Естественно, что модернизации оказался подвергнут и меч, потому как выяснилось, что зажатость ладони между гардой и навершием, может быть и препятствует вибрационному осушению кисти при ударе (хотя и это спорно), но при этом явно не является самым лучшим способом уберечь руку, ибо существуют и другие, куда более эффективные. Например, путём увеличения гарды и надевания защитной перчатки: сначала кольчужной, потом полностью из пластин.
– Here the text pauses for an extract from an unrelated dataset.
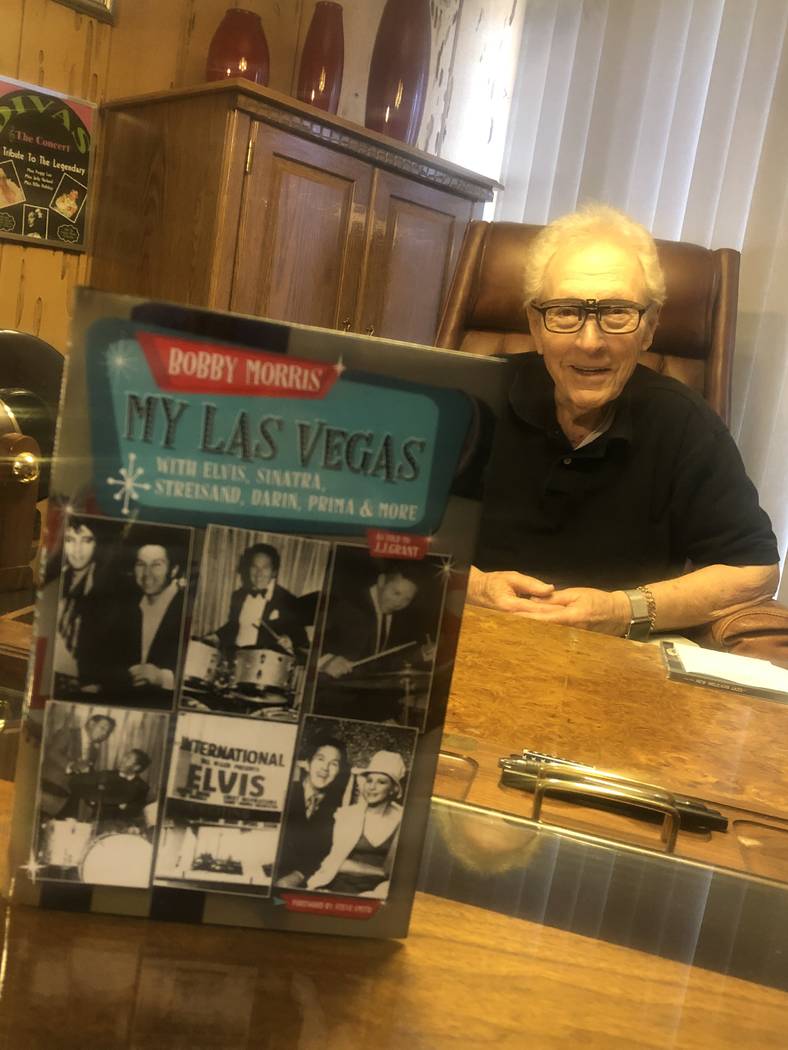 Drumming icon Bobby Morris is shown with his new book, "My Las Vegas," at his office in Las Veg ...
Надлежащая защита при этом оказалась максимально обеспечена, но наличие металлической перчатки (и без того сковывающей движения кисти) автоматически потребовало гораздо большей свободы, потому как иначе направить остриё в противника для укола уже никак не получалось. Причём, конструктивно достижение этой самой кистевой свободы выразилось в удлинении рукояти с увенчанием её небольшим круглым навершием, которое: во-первых, с учётом веса увеличенного эфеса придало мечу нужный для укола баланс, сместив его к рукояти, а во-вторых, позволило сделать его относительно (по сравнению с каролингом) небольшим, оставив размер достаточный для того, чтобы лишь рука с эфеса не соскальзывала.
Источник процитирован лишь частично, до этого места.